This month, King students are holding a period drive, accepting donations of period products and cash to benefit Stamford homeless shelter Pacific House. March is Women’s History Month, so until April, donation bins in advisory rooms will be found where students can leave pads, reusable pads, tampons, menstrual cups, as well as make monetary donations for those in need.
The drive was spearheaded by student leaders Hannah Cosgrove and Milei Wyatt after they started a branch of the PERIOD movement, an organization fighting for menstrual equality, affiliated with King’s Feminist Club. The club sponsored the initiative within the larger PERIOD organization. “Milei and I started to get involved with the PERIOD movement over the summer,” said Cosgrove. “This drive has been in the works since we began. Ms. Rossler, our club advisor, has played a large part in helping us coordinate the drive.”
“The PERIOD organization is a global non-profit group that aims to spread awareness and advocacy around the issue of period poverty,” she continued. With partners in 49 states and over 50 countries, the organization distributes period products to those in need, champions menstrual equality in policy, such as campaigning to abolish the tampon tax, and educates people on menstrual health. Challenging these obstacles helps destigmatize periods and provide greater access to menstrual hygiene and health. PERIOD is comprised of hundreds of youth chapter members, grassroots organizers, service partners, and partner organizations and companies worldwide.

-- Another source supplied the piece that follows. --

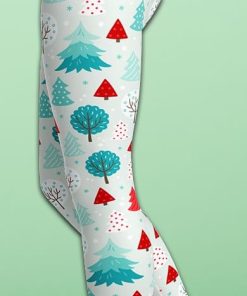 Christmas Forest Yoga Leggings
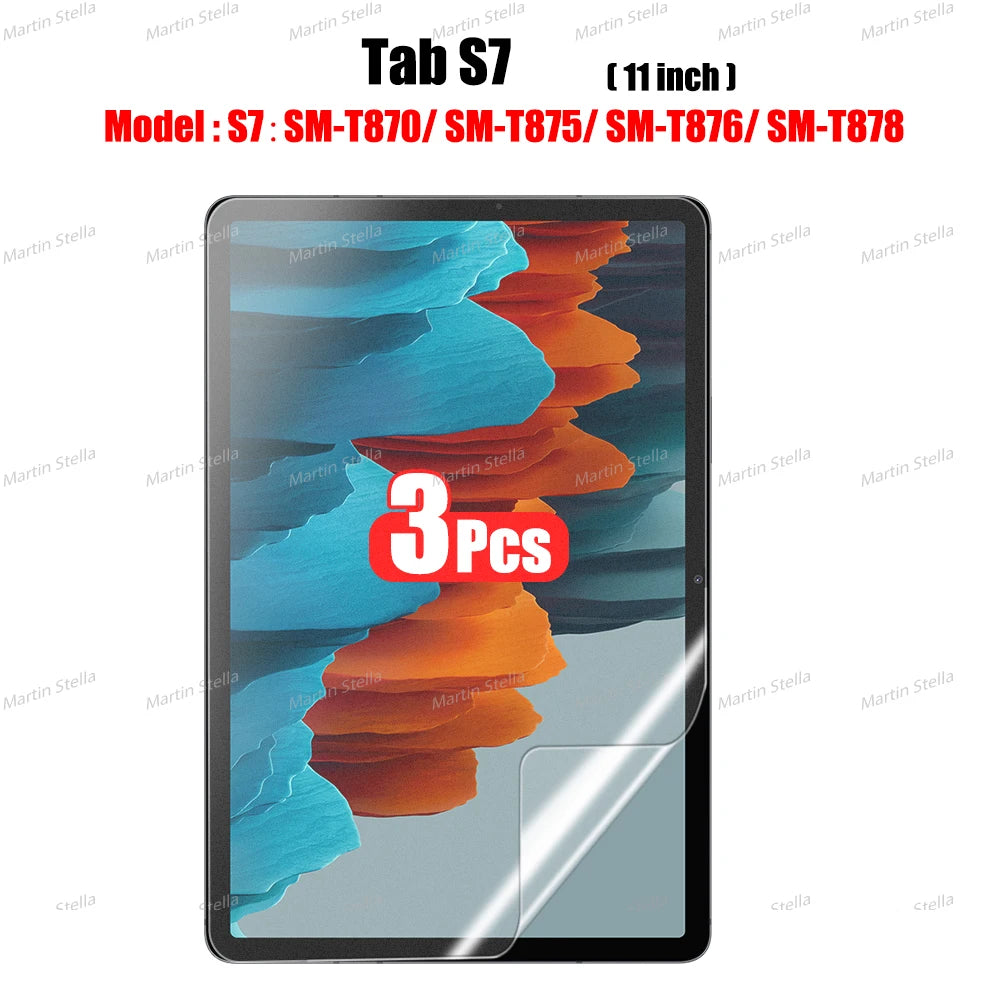 3Pcs Paper Feel Like Screen Protector for Samsung Galaxy Tab S7 S8 S9 Plus Ultra Samsung tab S6 Lite s7 s9 fe A8 A9 A7 No Glass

Period poverty is an issue many people may not be familiar with, but its impact reaches worldwide. According to FIGO, the International Federation of Gynecology and Obstetrics, up to 500 million people globally suffer from a lack of menstrual products, hygienic conditions, or proper education surrounding it. The cost of purchasing menstrual products is also a frequent obstacle faced by individuals who have periods. One in ten young people with periods worldwide has been unable to afford protection for their period. “In the majority of states, period products are taxed as luxury products, meaning that they are deemed non-essential,” stated Cosgrove. “Using tampons alone a menstruating person might spend upwards of $18,000 over the course of their lifespan to manage a biological system they can not control”. These out of reach prices can lead to individuals missing work or school, or using unsanitary or unsafe means to handle their period. “Our hope is that with the products from this drive we can provide people with the ability to safely manage an unavoidable time of the month,” she finished.

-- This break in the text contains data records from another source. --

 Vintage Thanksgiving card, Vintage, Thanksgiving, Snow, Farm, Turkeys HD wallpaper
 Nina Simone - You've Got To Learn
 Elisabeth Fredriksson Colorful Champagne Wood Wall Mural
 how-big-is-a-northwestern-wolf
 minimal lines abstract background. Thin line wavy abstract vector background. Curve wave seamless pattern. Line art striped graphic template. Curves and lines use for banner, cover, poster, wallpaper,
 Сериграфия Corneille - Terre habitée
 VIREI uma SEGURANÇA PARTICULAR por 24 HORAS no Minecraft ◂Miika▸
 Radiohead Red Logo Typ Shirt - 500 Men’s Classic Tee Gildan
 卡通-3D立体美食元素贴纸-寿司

The PERIOD initiative also uses the language of “people who menstruate” to open up discussion about menstruation to everyone. Cisgender women are not the only ones who face issues regarding menstruation; transgender individuals must also be included in the conversation. Not all people with periods are women, and not all women have periods.
To find out more about Period.org, visit their website here. You can get involved or donate directly to them, or bring period products into school for the donation bins. Reusable products such as washable pads or menstrual cups are highly encouraged, as they not only prevent waste but also stop future purchasing fees for the individuals who receive them. The drive is a step forward in creating more equitable change in the community for everyone. Together, period poverty can be eradicated, one step at a time.